We’re talking about a very big review that we haven’t seen the likes of for
about 40 years and then look at the relationship between that and academic
training. And on the Coalition side it’s really a case of saying well we’ve got an existing
system but we’re going to supplement that system. And so the key difference
really is they both got different big numbers in terms of apprentices but on
the whole they’re pretty well similar in terms of the focus on vocational
education and training. Kate: So we’re rating them about even in that in that space. I
must admit that some of the things I liked about both policies was a real
focus on rural and regional areas. Mark: Absolutely, yes. Kate: Because as we know it’s those
areas that really struggle for skills and for accessible training so
it’s good to see both parties have realised this is a big gap. One thing
COSBOA and Peter Strong particularly has put real pressure on is not just
mental health of people in the workforce but those small business owners. Tell me
about what’s happened in that space. Mark: Yeah so the conversation very much has been I
think for the first time in a long time Kate we’ve actually seen a bit of a
focus on mental health and youth suicide. And certainly PM Scott Morrison has been
pretty hard on this sort of issue and it’s been good to see that the ALP and
Bill Shorten have come in behind that. But I think the key thing
here that we’ve been concerned about is that most of the focuses are employees
in a business and their mental health. If you’ve got a business of five people and
the owner is struggling with mental health, those four are impacted as well as
the owner and a key thing that Peter has been on about and certainly
convinced me and the Board is that what we’re missing there’s almost a policy
gap in terms of what support are we providing to the business owner. Kate: Because
they can’t have time off. Mark: No exactly right.

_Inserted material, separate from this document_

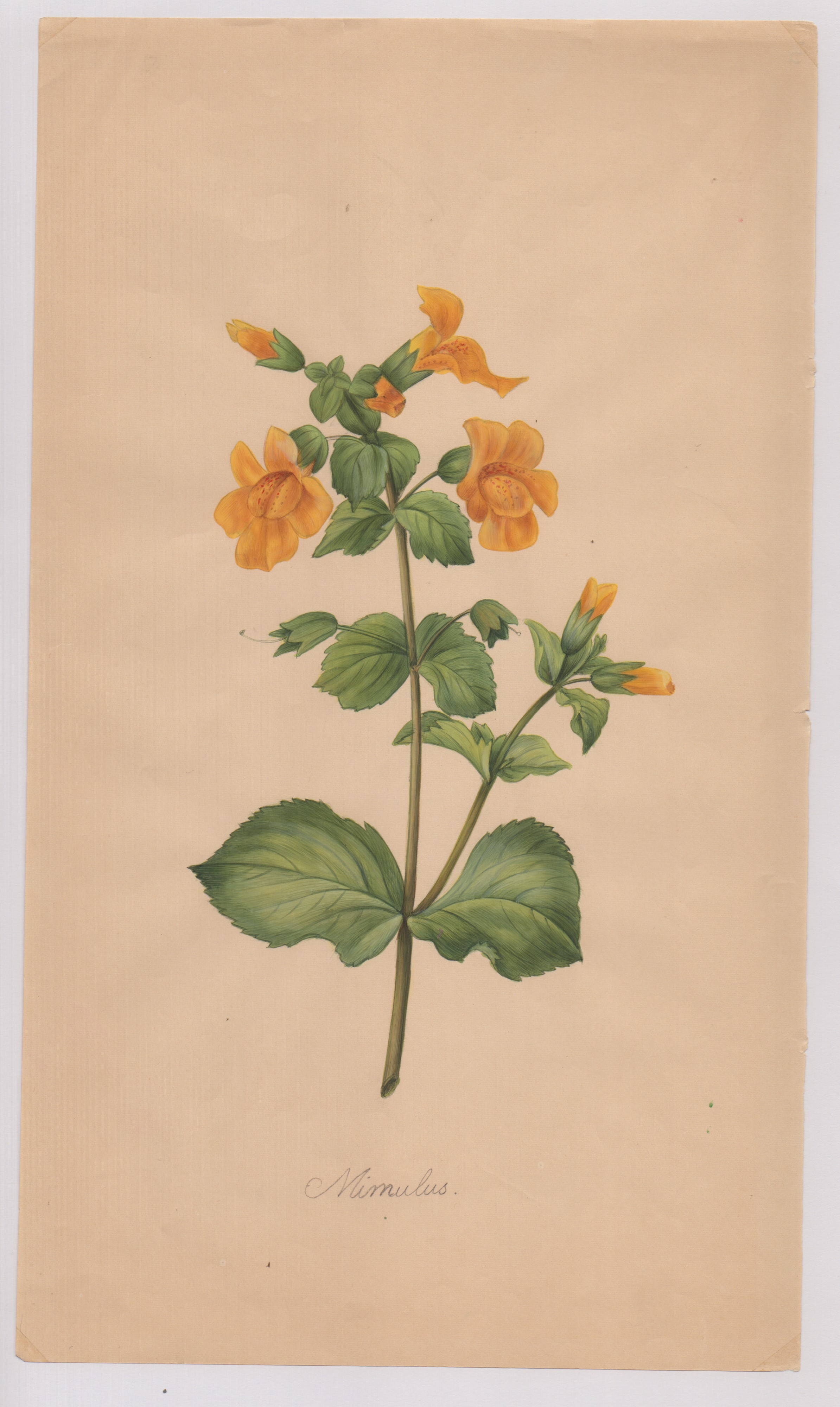 Pierre-joseph Redouté - Disegni botanici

And in fact if they’re struggling the
whole enterprise is suffering and the livelihood of the people employed to
that business is put at risk. And so what you’ve seen from the Coalition is for
the first time quite a good suite of policies. On the ALP side
unfortunately they’re very silent in that area. Kate: They have really focused on
employees haven’t they, rather than on employers. Mark: Yeah so I think that context we’re
saying there’s a bit of a gap here. Kate: Oh well we’ll both keep the
pressure on whoever is in power after next Saturday. Now in
the COSBOA document there is a whole range of other areas that are covered
like access to finance, competition policy, NBN infrastructure, a whole range of
areas that you can have a look at and see how the major parties compare. It’s
really important from a small business perspective that you really have a look
at what parties are actually offering and make a considered
decision in the best interests of you, your family, your business and of course
your employees. So let’s all focus on hopefully whatever happens next
Saturday there is a real focus on small businesses, the engine room of the
economy and the place where new jobs will be created.